The Brief
Fresh Earth operates at the intersection of agriculture, carbon markets, and ESG compliance. The company's IBIS platform tracks carbon sequestration and emissions across agricultural supply chains — a technically demanding problem involving satellite data, sensor networks, supply-chain provenance records, and the complex, sometimes ambiguous methodologies of voluntary carbon market standards.
IBIS-SIM extends this with simulation capabilities: given a planned land-use change or farming practice change, what is the projected carbon impact over a defined time horizon?
As Chief of AI, the mandate was twofold: improve the ML systems underpinning both platforms, and increase the velocity at which the team could ship new features and model updates.
The Approach
Carbon accounting at scale has two hard problems. The first is data heterogeneity: satellite imagery, IoT sensor readings, logistics records, manual survey data, and regulatory filings all need to feed into the same models using consistent methodology. The second is auditability: carbon credits are financial instruments, and the models producing them need to produce explainable outputs that can be reviewed by auditors.
The architecture centered on a serverless ML pipeline — AWS Lambda for computation, S3 for data storage, SQS for job queuing — that could scale horizontally for batch processing of large agricultural datasets while remaining cost-efficient during low-volume periods.

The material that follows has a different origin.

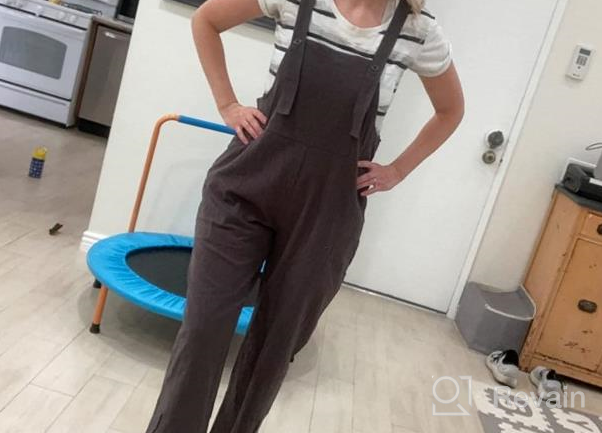 img 1 attached to Women'S Sleeveless Cotton Linen Jumpsuits With Baggy Wide Leg Overalls By AMEBELLE review by Alex Reunion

"The auditability requirement changed every model architecture decision. If you cannot explain why the model produced a specific carbon estimate, the credit is not saleable."
The Build
The pipeline architecture treated each data source as a distinct ingestion stream with its own normalization layer. Satellite imagery went through a preprocessing pipeline (cloud masking, atmospheric correction, NDVI calculation) before being ingested. IoT sensor data went through anomaly detection and gap-filling before joining the main pipeline. This separation of concerns made it straightforward to update individual ingestion streams without touching the core model.
The ML models themselves — primarily gradient-boosted trees for tabular supply-chain data, and CNN-based models for the satellite imagery — were managed through a lightweight MLOps layer. Model versioning, A/B testing infrastructure, and rollback capabilities were built early and used often.

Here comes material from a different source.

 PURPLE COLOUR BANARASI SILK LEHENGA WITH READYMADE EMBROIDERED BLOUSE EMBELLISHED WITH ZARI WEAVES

The explainability layer used SHAP values to produce per-prediction feature attribution. For a given carbon estimate, the system can produce a ranked list of factors that drove the estimate and their relative contributions. This was not a nice-to-have — it was a requirement for the auditor-facing report generation.
IBIS-SIM used a Monte Carlo simulation approach: run the carbon model with sampled parameter distributions to produce probability distributions over outcomes rather than point estimates. This is more honest about the inherent uncertainty in carbon projection, and more useful for decision-making.
class CarbonSimulator:
def simulate(
self,
baseline: LandUseScenario,
intervention: LandUseScenario,
n_samples: int = 10_000,
horizon_years: int = 10
) -> SimulationResult:
samples = [
self._run_single(baseline, intervention, horizon_years)
for _ in range(n_samples)
]
return SimulationResult(
p10=np.percentile(samples, 10),
p50=np.percentile(samples, 50),
p90=np.percentile(samples, 90),
)
The Outcome
The 30% release-velocity improvement came from three sources: automated testing infrastructure that caught regressions before they reached production, a model registry that made it straightforward to promote a new model version without manual coordination, and refactored deployment pipelines that cut the deploy time from 45 minutes to under 10.
The IBIS platform is processing millions of data points per month. The explainability reports are used in carbon credit audits. IBIS-SIM is in active use for land-use planning decisions.
Lessons
In ML systems that feed financial instruments, the model is not the product. The audit trail is the product. Every design decision should ask: can an auditor who knows nothing about our codebase understand why the model made this prediction?
Serverless ML has a cold-start problem that matters at the wrong times. For Fresh Earth's use case — batch processing with some latency tolerance — this was acceptable. For real-time applications where a user is waiting, provisioned concurrency or a different architecture is required.
The simulation approach (probability distributions over point estimates) is almost always more honest and more useful. The additional complexity is worth it.